In [1]:
import tqdm
import multiprocessing as mp
import typing

class Cluster:
    def __init__(self, name: str, dm: float, log_age: float, fe_h: float, e_b_sub_v: float, memb: int):
        self.name = name
        self.dm = dm
        self.log_age = log_age
        self.fe_h = fe_h
        self.e_b_sub_v = e_b_sub_v
        self.memb = memb

    def __str__(self):
        return f"{self.name}"

    def __repr__(self):
        return f"{self.name}(dm={self.dm}, log_age={self.log_age}, fe_h={self.fe_h}, e_b_sub_v={self.e_b_sub_v}, memb={self.memb})"


clusters = [
    Cluster("IC 2391", 5.908, 7.70, -0.01, 0.030, 254),
    Cluster("NGC 6475", 7.234, 8.54, 0.02, 0.049, 874),
    Cluster("NGC 2360", 10.229, 8.98, -0.03, 0.090, 848),
    Cluster("NGC 6793", 8.894, 8.78, float("nan"), 0.272, 271),
    Cluster("NGC 2232", 7.575, 7.70, 0.11, 0.031, 241)
]

In [2]:
import sys
import os
import time
import re
import json

import requests
from urllib.parse import quote as urlencode

import numpy as np

import pprint

pp = pprint.PrettyPrinter(indent=4)


def mast_query(request):
    """Perform a MAST query.

        Parameters
        ----------
        request (dictionary): The MAST request json object

        Returns head,content where head is the response HTTP headers, and content is the returned data"""

    # Base API url
    request_url = "https://mast.stsci.edu/api/v0/invoke"

    # Grab Python Version
    version = ".".join(map(str, sys.version_info[:3]))

    # Create Http Header Variables
    headers = {"Content-type": "application/x-www-form-urlencoded",
               "Accept": "text/plain",
               "User-agent": "python-requests/" + version}

    # Encoding the request as a json string
    req_string = json.dumps(request)
    req_string = urlencode(req_string)

    # Perform the HTTP request
    resp = requests.post(request_url, data="request=" + req_string, headers=headers)
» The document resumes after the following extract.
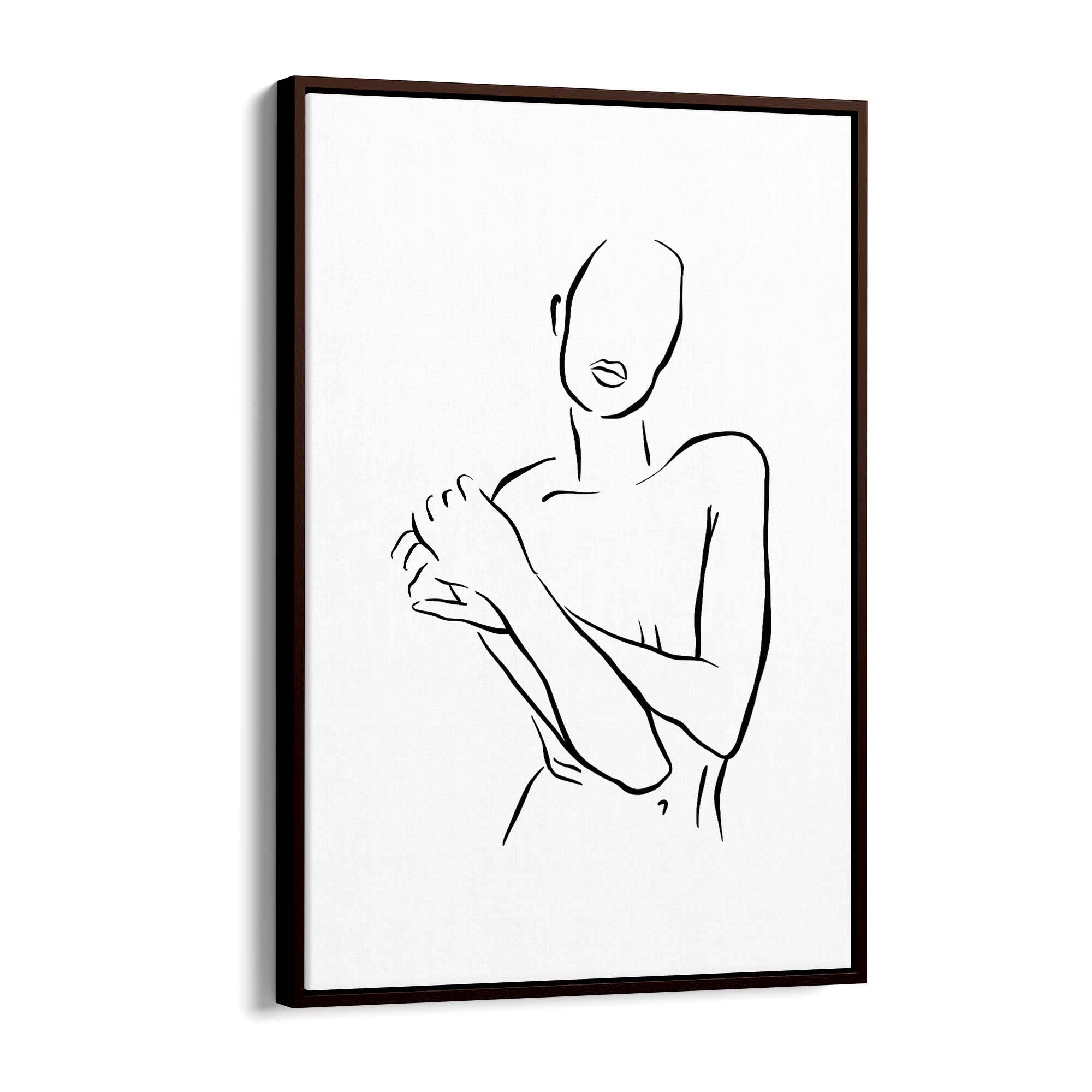 Nude Female Body Minimal Line Drawing Wall Art - The Affordable Art Company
    # Pull out the headers and response content
    head = resp.headers
    content = resp.content.decode("utf-8")

    return head, content

def set_filters(parameters):
    return [{"paramName":p, "values":v} for p,v in parameters.items()]
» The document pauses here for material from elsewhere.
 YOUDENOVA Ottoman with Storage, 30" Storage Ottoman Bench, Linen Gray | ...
def set_min_max(min, max):
    return [{"min": min, "max": max}]

def name_resolver(name: str) -> list[dict[str, ...]]:
    resolver_request = {
        "service": "Mast.Name.Lookup",
        "params": {
            "input": name,
            "format": "json"
        },
    }

    headers, resolved_object_string = mast_query(resolver_request)
    resolved_object = json.loads(resolved_object_string)
    return resolved_object["resolvedCoordinate"]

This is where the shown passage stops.